___ DATASET EXCERPT ___
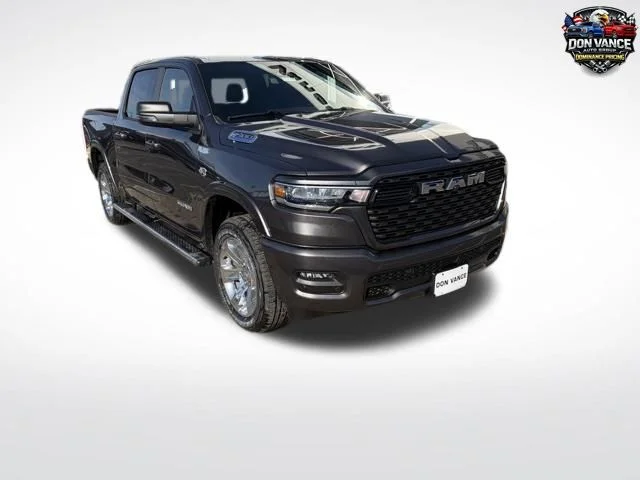 2026 RAM 1500 Big Horn/Lone Star - Photo 7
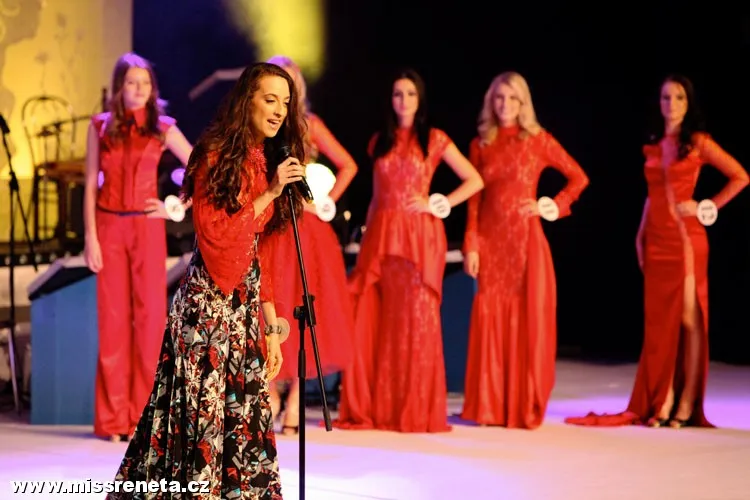 Miss Reneta 2016 – mezinárodní soutěž studentek středních škol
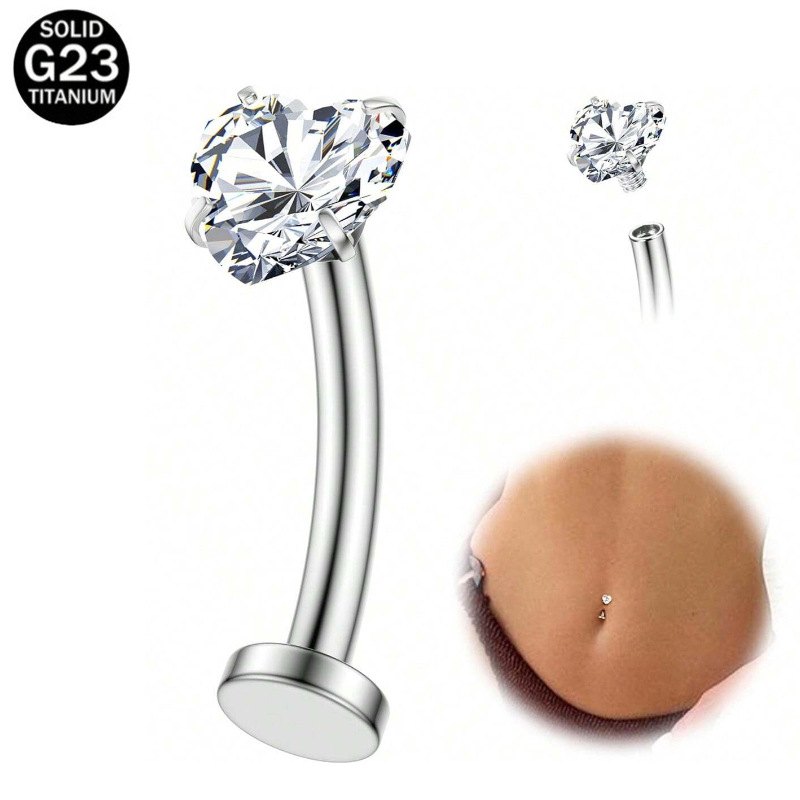 4:White peach heart zircon (m1.2)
___
WHAT THE TASK REQUIRES ::
Only the pictures are dropped when you print the material; everything else is copied exactly.

WRITTEN RESPONSE ::
 2026 RAM 1500 Big Horn/Lone Star - Photo 7
 Miss Reneta 2016 – mezinárodní soutěž studentek středních škol
 4:White peach heart zircon (m1.2)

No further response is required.